The entry into force of NIS2, the DORA Regulation, and the imminent impact of the AI Act form a regulatory triad that affects technology companies, critical infrastructure, financial institutions, insurance companies and artificial intelligence developers across the board.
This article provides an in-depth analysis of what each regulation requires, who it affects, what the risks are of non-compliance and how to prepare to avoid falling behind.
1. NIS2: The new mandatory cybersecurity standard
What is NIS2?
The NIS2 Directive (Network and Information Security 2) replaces the original NIS from 2016 and significantly expands its scope and requirements.

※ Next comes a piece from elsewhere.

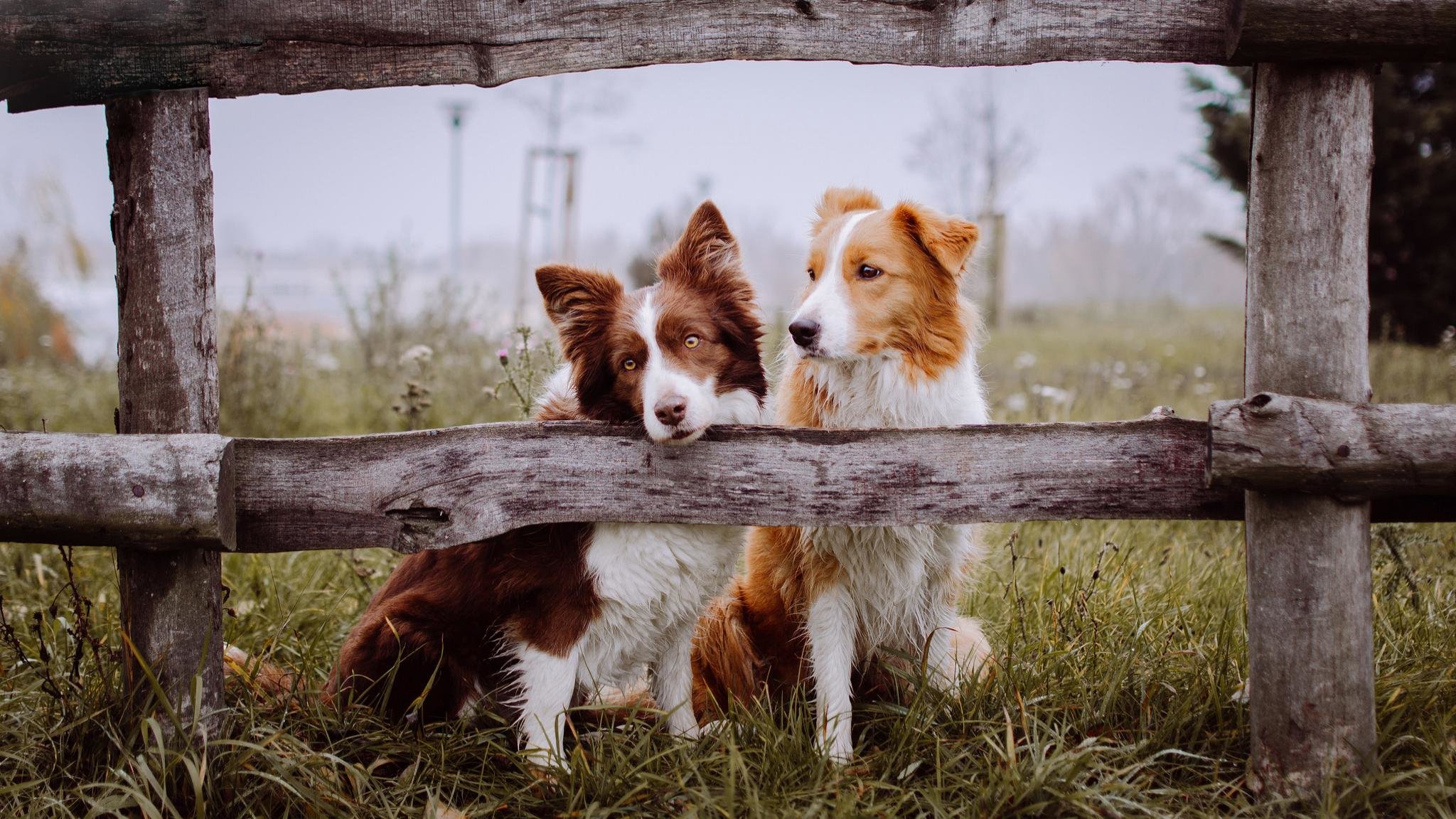 Free Border Collie high quality background ID:165876 for hd 2048x1152 PC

Its objective: to establish a high common level of cybersecurity across all EU Member States.
Who does it affect?
- Medium and large companies in essential sectors: energy, transport, healthcare, water, digital services, public services, etc.
- Also “important” sectors: manufacturing, food production, postal services, production of critical goods, and more.

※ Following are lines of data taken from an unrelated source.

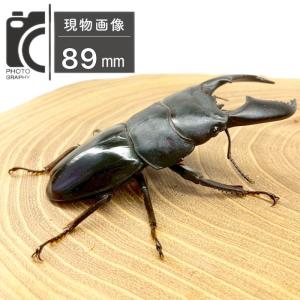 スマトラオオヒラタ オス 【アチェ産】 極太血...の詳細画像2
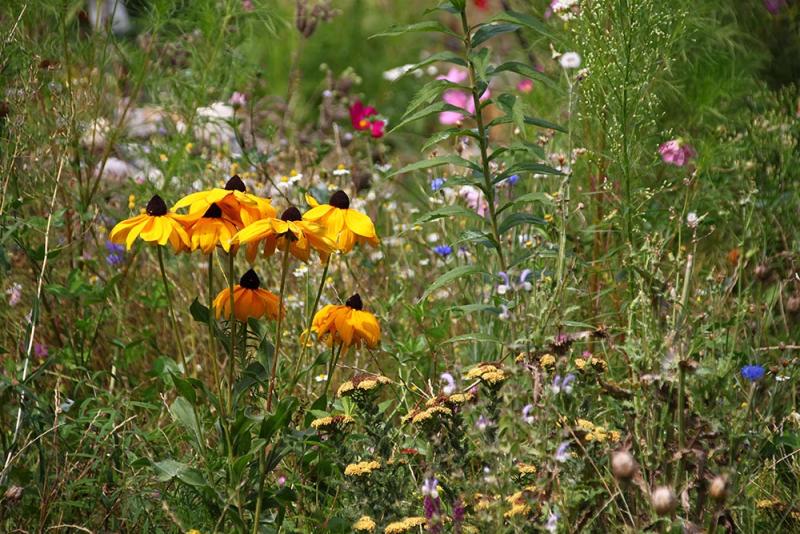 Blumenwiese im Garten von Frau Suppan Blumenwiese im Garten von Frau Suppan
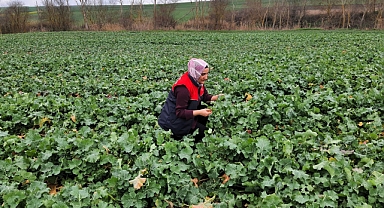 Babaeski’de Kanola Tarlalarında Teknik İnceleme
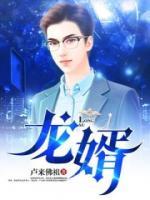 龍婿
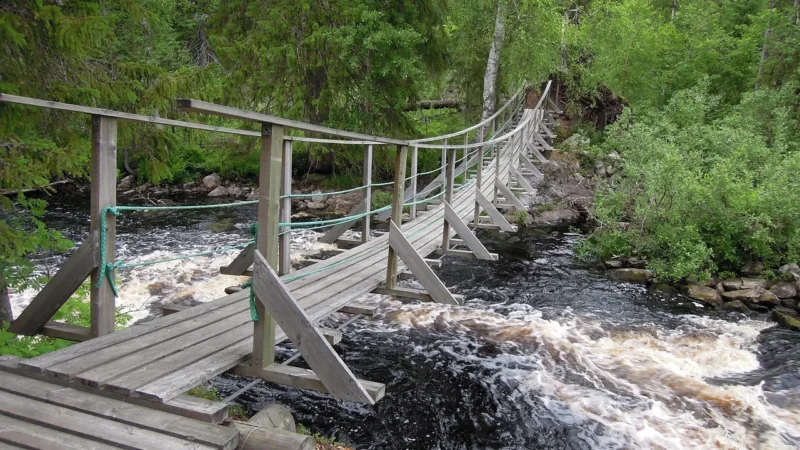 Fototapety.Pl Drewniany Most Wiszący Las Latarnia Okleina Na Ścianę 250x250cm Magicstick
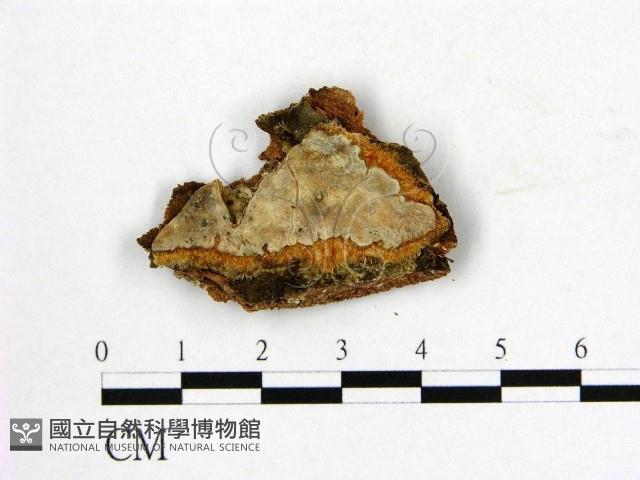 登錄號:F0009498藏品圖，第1張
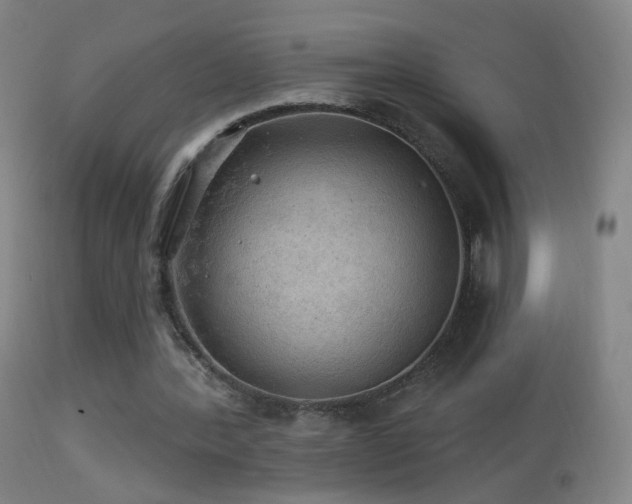 X0000114650388200910201513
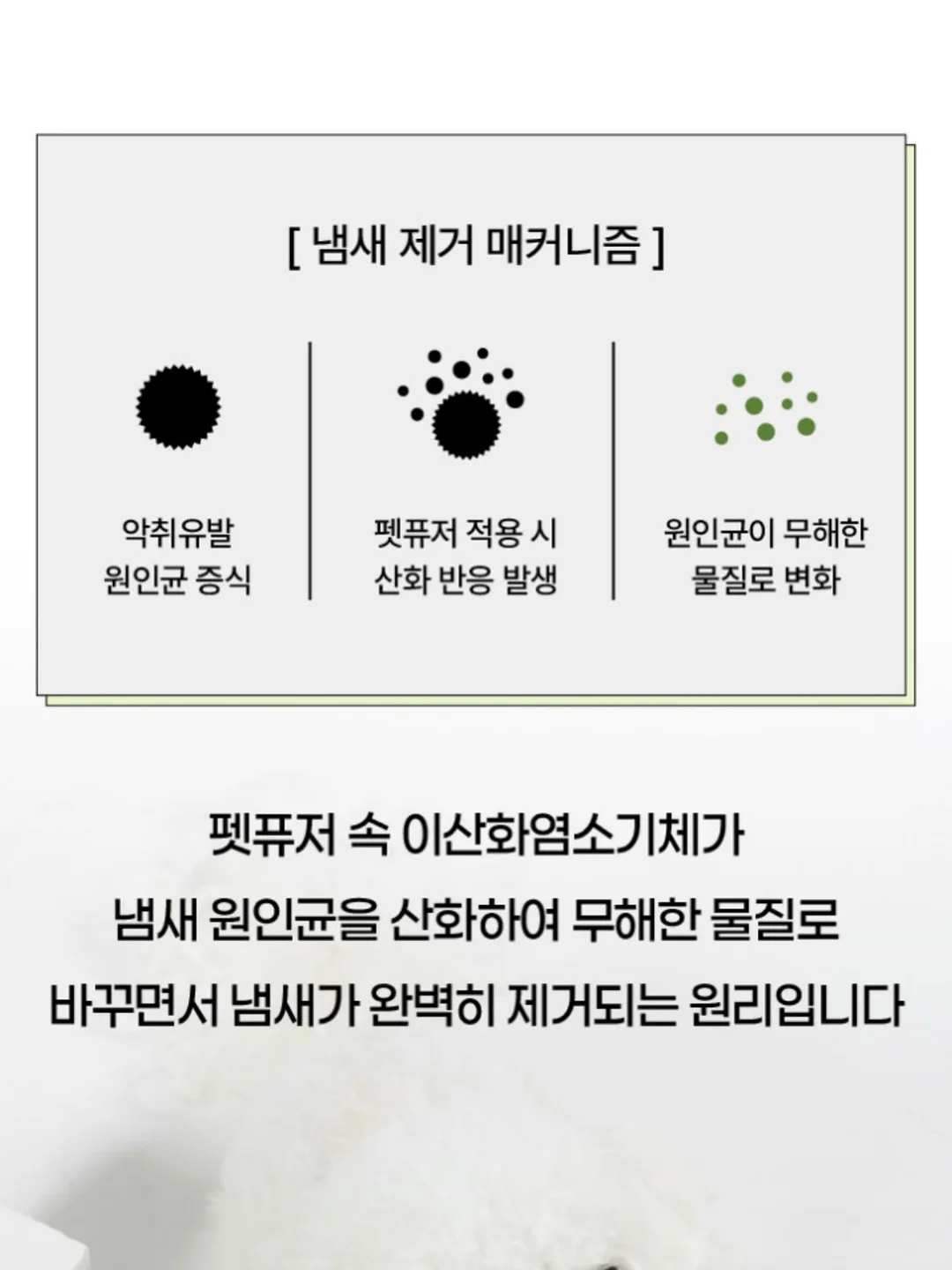 라떼베개 10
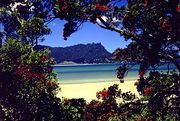 Whangarei of NZ
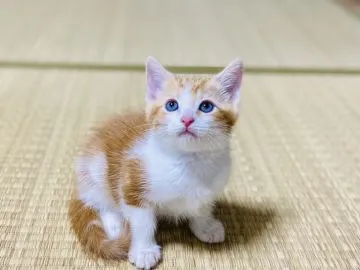 猫まんまページ 猫まんま（大阪府） - 子犬や子猫たちのペット販売情報が満載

- Key service providers (e.g. cloud services, DNS, data centres).
- In total more than 160,000 organisations in Europe.
Key obligations
- Cyber risk management based on formal policies and procedures.
- Implementation of advanced technical and organisational measures (resilience, continuity, incident detection and response).

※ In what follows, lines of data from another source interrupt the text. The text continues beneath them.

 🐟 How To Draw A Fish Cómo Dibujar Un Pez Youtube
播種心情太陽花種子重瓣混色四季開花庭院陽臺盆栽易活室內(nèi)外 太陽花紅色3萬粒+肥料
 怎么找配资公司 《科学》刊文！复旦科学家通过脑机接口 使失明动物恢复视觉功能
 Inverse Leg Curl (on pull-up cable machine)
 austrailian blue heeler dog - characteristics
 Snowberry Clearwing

- Mandatory reporting of significant incidents (within 24 hours – early warning; 72 hours – full notification).
- Direct accountability of the Board of Directors for cybersecurity.
Penalties
- Up to 10 million euros or 2% of global turnover.
- Potential temporary bans on repeat-offending executives.
2. DORA: The digital shield for the financial sector
What is DORA?
The DORA Regulation (Digital Operational Resilience Act) has been in force since January 2025. Its goal is to ensure that financial entities can withstand, respond to, and recover from cyberattacks and ICT-related operational disruptions.
Who does it apply to?
- Banks, insurers, fintech companies, fund managers, and stock exchanges.
- It also applies to critical technology providers: cloud services, analytics providers, cybersecurity vendors, etc.
Key requirements
- ICT risk governance
Board-level responsibility, security policies, internal audits, full accountability - ICT incident management
Obligation to classify, record and report serious incidents (like NIS2, with similar deadlines). - Operational resilience testing
From penetration testing to advanced simulations (regulated red teaming). - Third-party risk management and concentration
Full vendor inventories, oversight clauses in contracts, and exit strategies - Information sharing
Encourages the exchange of threat intelligence across the sector (ISAC-style collaboration)
Penalties
- Significant fines regulated by each national financial authority.
- Possibility of excluding non-compliant vendors from the supply chain.
3. The AI Act and security controls in artificial intelligence
What is the AI Act?
The AI Act is the world's first comprehensive law regulating artificial intelligence based on risk levels. It was approved in 2024 and will fully come into force in 2026, though it is already influencing developers and innovative companies.
How is it related to cybersecurity?
- High-risk models (such as biometric surveillance systems, AI in critical infrastructure, justice, human resources) require:
- Advanced security controls.
- Documentation of adversarial attacks and robustness against manipulation.
- Auditing of training data to detect bias or data leakage.
- Obligation to explain and control algorithms
Systems are not allowed to make decisions autonomously in sensitive sectors without traceability or human oversight. - Continuous risk assessment throughout the system lifecycle
Requires robust governance: technical capability is no longer enough; compliance must be demonstrated.
Convergence with NIS2 and DORA
- If an AI model is used in a environment regulated by DORA or NIS2, it must comply with the requirements of both frameworks.
- The AI Act introduces the concept of “security by design in AI”, complementing the traditional cybersecurity approaches.
Quick comparison

Conclusion: It's not (just) about compliance, it's about digital survival
These three regulations should not be seen as bureaucratic hurdles, but as a strategic roadmap toward advanced digital maturity.
Organisations that take the lead, by structuring governance, documenting controls, and aligning their technology, will be the most competitive and resilient.
Cybersecurity is no longer just a department: it is a cross-functional, regulated management responsibility.